On the morning of Tuesday, 28 January 1986, as seven astronauts prepared to ride Challenger into orbit from Cape Canaveral, Fla., seven other astronauts climbed out of the Shuttle Mission Simulator at NASA’s Johnson Space Center in Houston, Texas, to watch the event on television. The men of Mission 61E knew that their own flight, barely five weeks hence, was time-critical, for it would make ultraviolet observations of Halley’s Comet, which was making its 75-yearly visit to the inner Solar System. Seventy-three seconds after Challenger broke the shackles of Earth and climbed for the heavens, she was catastrophically lost with all hands … and the men of 61E knew that their own mission was gone. Little could they have known that if Challenger had survived that day, there was an enormous likelihood that disaster may have befallen them instead. …

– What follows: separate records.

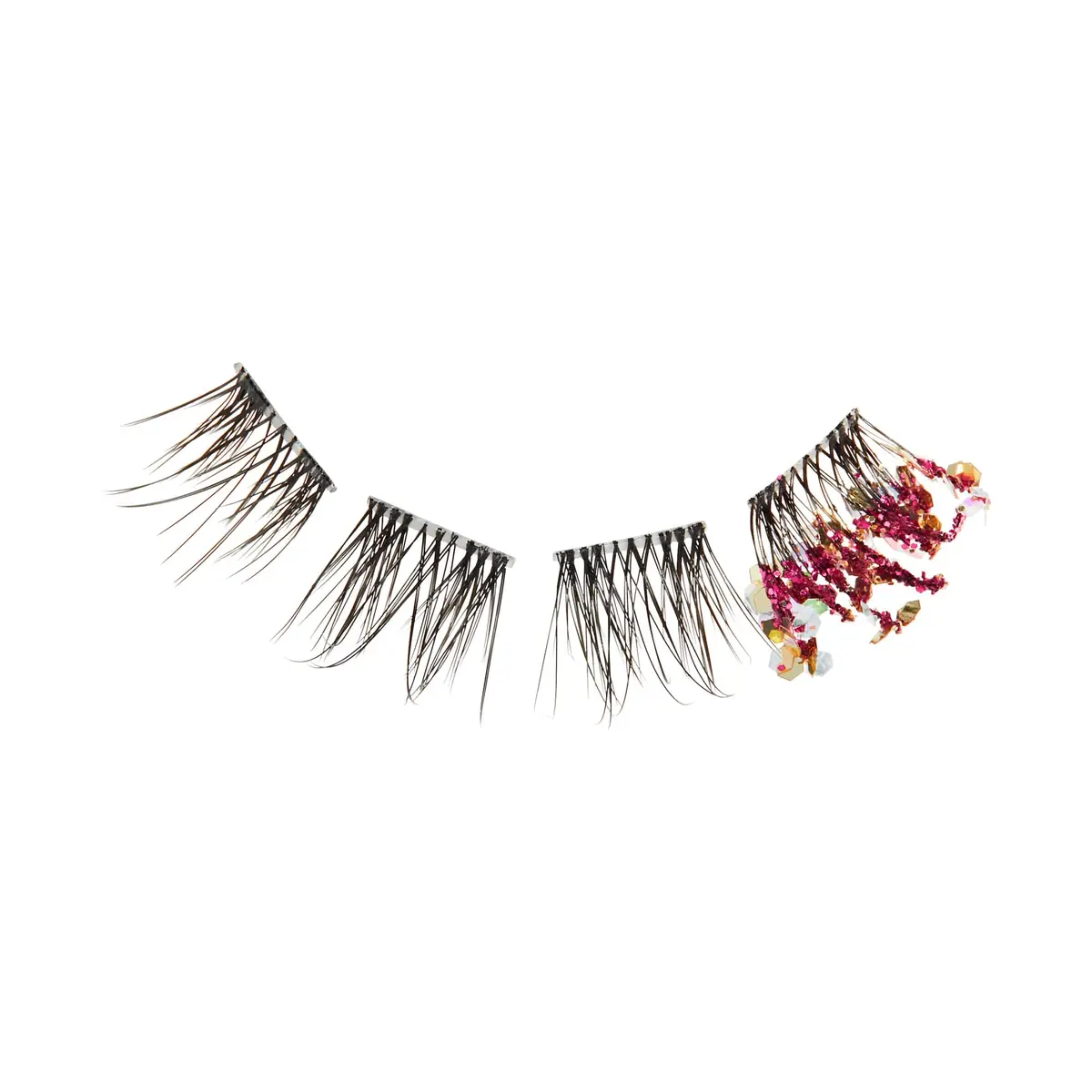 FALSCARA WICKED: FOR GOOD False Eyelashes 8-10mm | Natural Volume with Purple Glitter - view 9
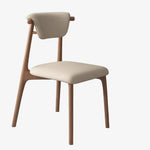 スタイリッシュなオークPUレザーチェア|モダンデザインの快適な座り心地 fjx-2666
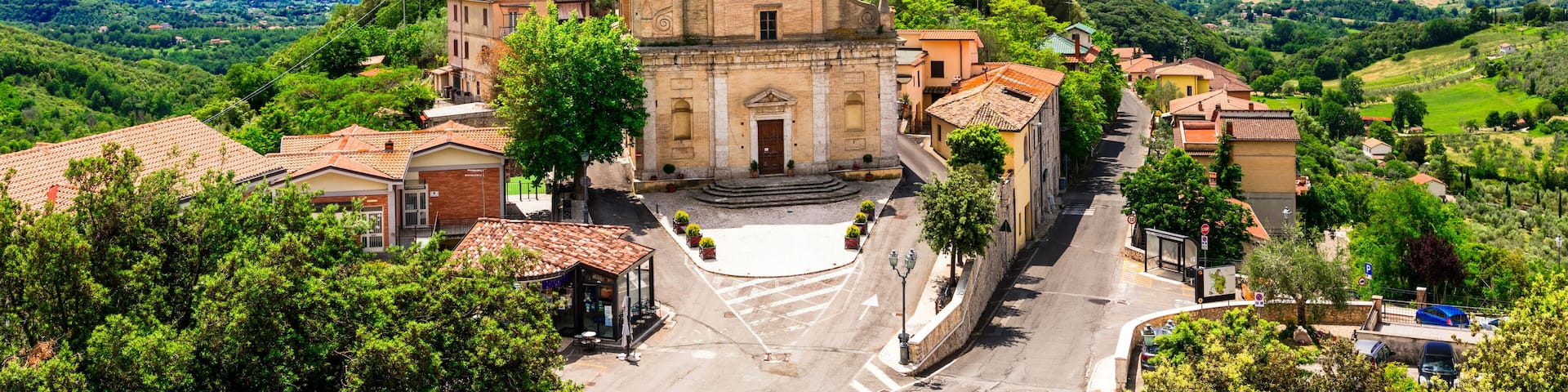 Traditional medieval villages of Italy - scenic borgo Casperia, Rieti province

It has long been the subject of both idle and educated coffee-table gossip to consider what-if scenarios in the space program, and all astronauts were acutely aware that, no matter the precautions and safeguards, tragedy lurked behind ever corner. The shuttle was such a complex machine—with more than 800 “Criticality One” items, capable of causing Loss of Vehicle and Crew in the event of a failure—that it would be foolhardy to believe otherwise. Yet it was more than a mere check of the odds which seemed to load the dice against 61E. Years later, Mission Specialist Bob Parker told the NASA oral historian that the frigid weather conditions which contributed to Challenger’s doom were even colder on the night of 5/6 March 1986, when he and his crewmates should have launched aboard Columbia.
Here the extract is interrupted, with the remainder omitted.